Eén keer per maand maakt hard//hoofd een keuze uit het werk van een talentvolle beeldend kunstenaar die het waard is om te volgen. Deze keer een selectie uit het werk van Kathrin Klingner (1979, Duitsland).
Door Kathrin Klingner
Door Kathrin Klingner
Where are we looking at? "Hands attacking their owners" is from a notebook full of phenomenons concerning the human body. Fingers growing inwards, cutting off an arm that keeps growing back, touching your own brain, teeth turning into cookies; stuff like that. The children with the fish are the very romanticized depiction of the countryside-childhood-adventures I had with my friend Manu. One of our main occupations was catching fish with a plastic bag. I love that drawing a lot. It has the whole beauty, cruelty and seriousness of playing.

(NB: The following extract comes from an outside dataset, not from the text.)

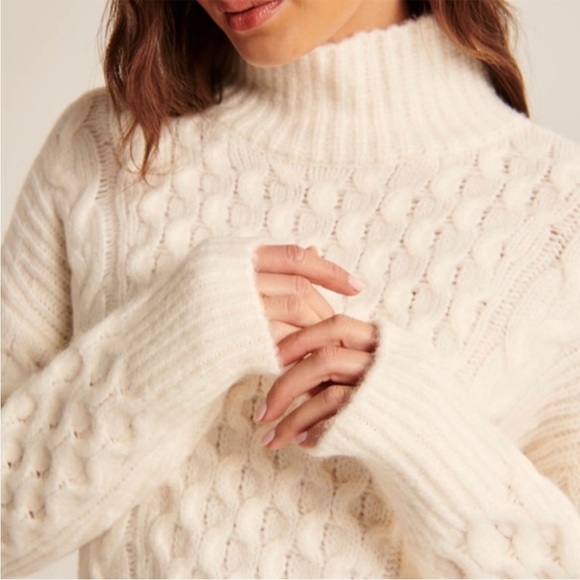 Abercrombie & Fitch White Cable Turtleneck Sweater - Picture 4 of 15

Can you tell us more about the way you work? I use photography and drawing and usually have drawing-phases and photo-phases. Normally, I drag an idea around for a long time, become a bit obsessive, don't really know how to put it in an image, become unbearably moody and -when it finally works out- it's the highlight of the week. In the meantime, I have a constant output of images that do not belong to anything. Weird stuff, clueless things, in the worst case stupid and/or boring. All these things go straight into one of my many shoe boxes. Once in a while I empty them and look at the images and sometimes I find a treasure.
What fascinates you? I am mostly fascinated by things that are hard to put in an image (and even harder to put into words): imaginary friends, diffuse fears, vague memories and stuff that is funny, dark and a bit painful at the same time.
Whose work do you admire? Oh... Difficult. I like Henry Darger's drawings and the photos of Wolfgang Tilmans and the work of Rebecca Horn. But generally: instead of going to galleries I rather go to the Natural History Museum and look at dinosaur skeletons and sheep-embryos in a jar.